GVC faces continued pressure over executive pay

GVC faces continued pressure over executive pay

Sky News reports that GVC Holdings investors will serve the FTSE100 betting group with one of the ‘year’s biggest revolts’ in opposition to its executive remuneration report.

The Investment Association (IA) anticipates that 40% of GVC shareholders will oppose the remuneration report, published at GVC’s upcoming annual general meeting (AGM) scheduled for Friday 5 July.

GVC governance will have to soothe investor backlash over executive pay, despite Group CEO Kenneth Alexander agreeing to reduce his basic salary to £800,000.

Nevertheless, a number of GVC shareholders are reported to be deeply riled by Kenneth Alexander and Chairman Lee Feldman’s £20 million share sale undertaken in March, a transaction which saw millions of pounds being wiped off GVC’s market capitalisation.

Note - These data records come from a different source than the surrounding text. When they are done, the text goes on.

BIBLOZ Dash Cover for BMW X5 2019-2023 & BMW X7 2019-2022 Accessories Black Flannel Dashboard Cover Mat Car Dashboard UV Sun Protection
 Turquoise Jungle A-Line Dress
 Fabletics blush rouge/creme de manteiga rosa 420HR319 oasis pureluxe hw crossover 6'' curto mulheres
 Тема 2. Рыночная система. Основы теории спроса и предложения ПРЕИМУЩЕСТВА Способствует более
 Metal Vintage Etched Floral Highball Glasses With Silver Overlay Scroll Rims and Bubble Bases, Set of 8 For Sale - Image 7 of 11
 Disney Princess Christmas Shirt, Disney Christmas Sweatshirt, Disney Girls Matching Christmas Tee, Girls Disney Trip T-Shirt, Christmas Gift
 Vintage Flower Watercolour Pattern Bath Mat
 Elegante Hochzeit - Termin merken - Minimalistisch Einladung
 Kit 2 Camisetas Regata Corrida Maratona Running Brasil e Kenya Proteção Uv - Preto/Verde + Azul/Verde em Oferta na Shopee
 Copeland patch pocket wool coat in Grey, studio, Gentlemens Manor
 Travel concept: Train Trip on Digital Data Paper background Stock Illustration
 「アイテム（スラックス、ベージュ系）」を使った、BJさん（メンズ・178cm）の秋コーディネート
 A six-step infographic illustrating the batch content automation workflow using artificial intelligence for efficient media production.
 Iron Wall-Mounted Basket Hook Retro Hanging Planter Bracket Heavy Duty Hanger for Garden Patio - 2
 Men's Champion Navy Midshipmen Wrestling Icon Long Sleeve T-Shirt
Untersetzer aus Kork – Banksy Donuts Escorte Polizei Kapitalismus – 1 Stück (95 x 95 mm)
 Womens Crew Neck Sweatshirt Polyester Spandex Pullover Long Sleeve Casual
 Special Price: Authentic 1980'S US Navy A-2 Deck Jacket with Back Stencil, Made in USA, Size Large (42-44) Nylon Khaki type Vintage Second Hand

Since completing its acquisition of Ladbrokes Coral in March 2018, GVC’s share price has fallen by more than 25%, as the betting group’s capitalisation drops below £4 billion mark.

At present, the governance of GVC is undertaking an ‘executive search’ to find Lee Feldman’s replacement, who announced in March that he would end all ties with the FTSE betting group.

In its report, Sky News details that a number of institutional investors are unhappy with Kenneth Alexander and GVC’s executive team forecasting future profits that fall below analysts’ consensus.